In the Iliad, a woman’s role depended more on her rank in the society and her value, in many ways, were reduced to her beauty. In Iliad, if a woman was married to a prince or a king, she was somewhat praised almost to the extent of a goddess. Though some women were held in high ranks, they were demeaned and degraded as we can see in the case of Helen when she was taken by a man.
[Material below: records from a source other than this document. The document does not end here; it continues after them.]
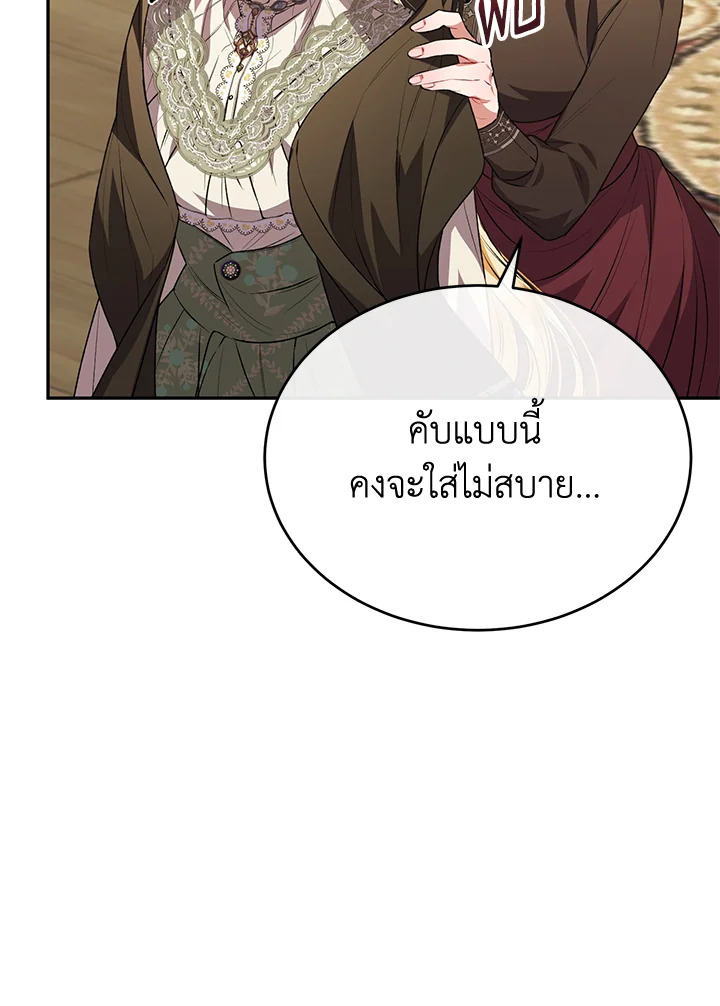 อ่านการ์ตูน The Real Daughter Is Back 57 ภาพที่ 8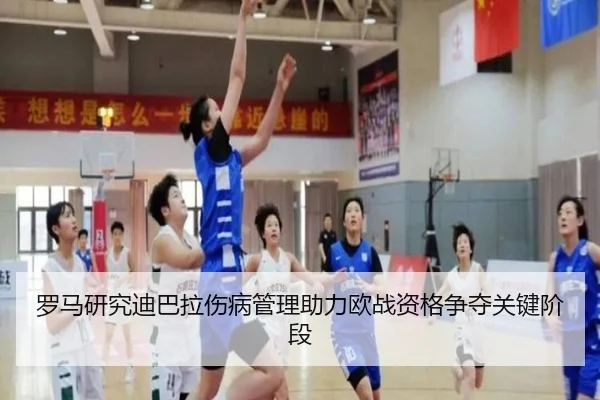 罗马研究迪巴拉伤病管理助力欧战资格争夺关键阶段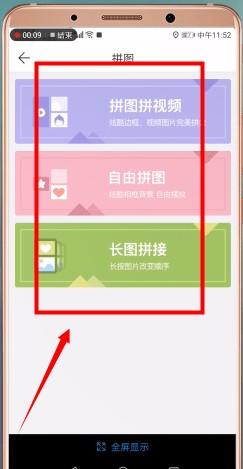 微商水印相机老版本
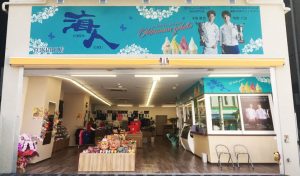 買う一覧 公式 那覇市国際通り商店街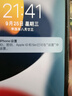 帆睿 苹果x屏幕总成适用iphone7 8p七6splus八6内外屏11液晶12显示屏XR xsmax换手机屏 适用苹果8/SE2屏幕总成（白色） 带配件 实拍图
Another example of this comes up again when Chryses approached Agamemnon and Menelaus and begged for the return of his daughter, “Yes, Chryses approached the Achaean’s fast ships to win his daughter back, bringing a priceless ransom and bearing high in land, wound on a golden staff, the wreaths of the He begged the whole Achaean army but most of all the two supreme commanders, Atreus’ two sons! May the gods who hold the halls of Olympus give you Priam’s city to plunder, then safe passage home. And all the ranks of Achaeans cried out their assent: Respect the priest, accept the shining ransom!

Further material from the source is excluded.